> SOURCE DATA:

|---|

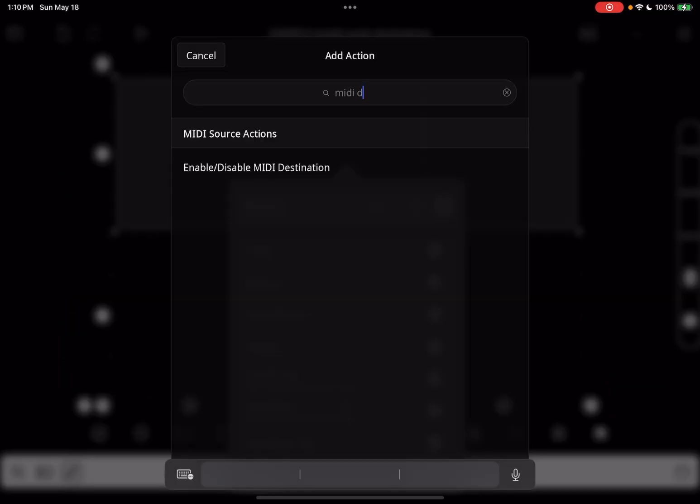The Enable Disable MIDI Destination action lets you enable and disable destinations without needing to touch the mixer. You can use it in widgets, MIDI bindings, and anywhere that Loopy Pro can use actions.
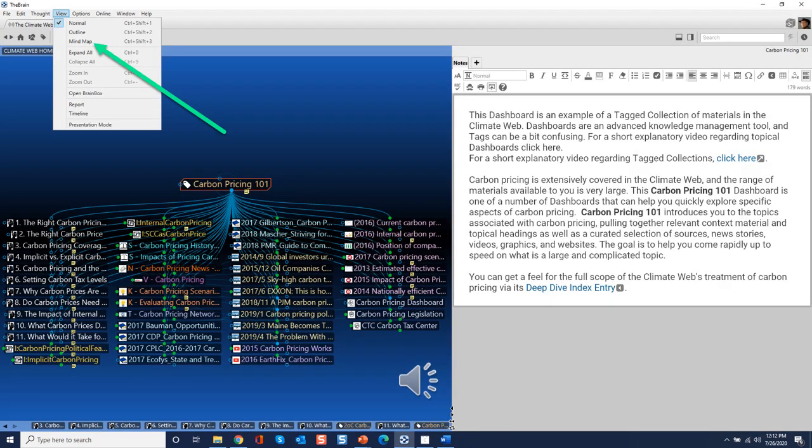One last point regarding tag collections in the Climate Web. Everything I have demonstrated so far works with a free version of the brain. But there is one feature, mind map view, that is only available via a subscription to the professional version of the software.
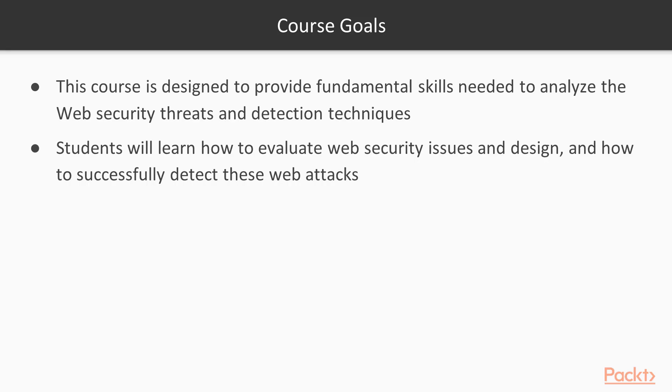What are the course goals? The course is designed to provide fundamental or basic skills regarding web security threats and detection techniques. Here you will evaluate the issues available inside web security and how you can detect these kinds of web attacks that we will talk about in this course.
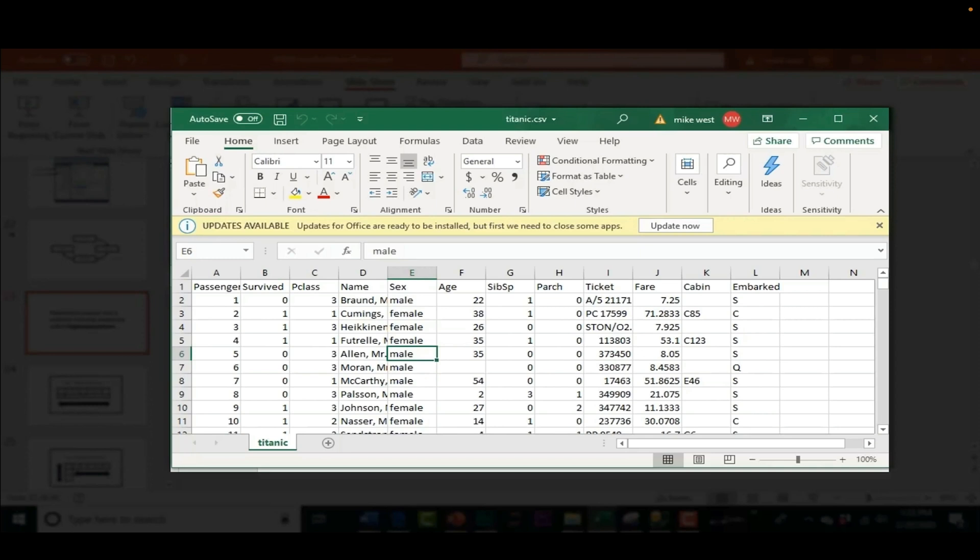They put the target variable here. They added the target variable for whether the passenger survived or died. This isn't what the real world looks like. So what does the real world look like?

|---|

> REQUIRED WORK: Print the listing exactly, images excluded.

> WRITTEN SOLUTION:
The Enable Disable MIDI Destination action lets you enable and disable destinations without needing to touch the mixer. You can use it in widgets, MIDI bindings, and anywhere that Loopy Pro can use actions.
One last point regarding tag collections in the Climate Web. Everything I have demonstrated so far works with a free version of the brain. But there is one feature, mind map view, that is only available via a subscription to the professional version of the software.
What are the course goals? The course is designed to provide fundamental or basic skills regarding web security threats and detection techniques. Here you will evaluate the issues available inside web security and how you can detect these kinds of web attacks that we will talk about in this course.
They put the target variable here. They added the target variable for whether the passenger survived or died. This isn't what the real world looks like. So what does the real world look like?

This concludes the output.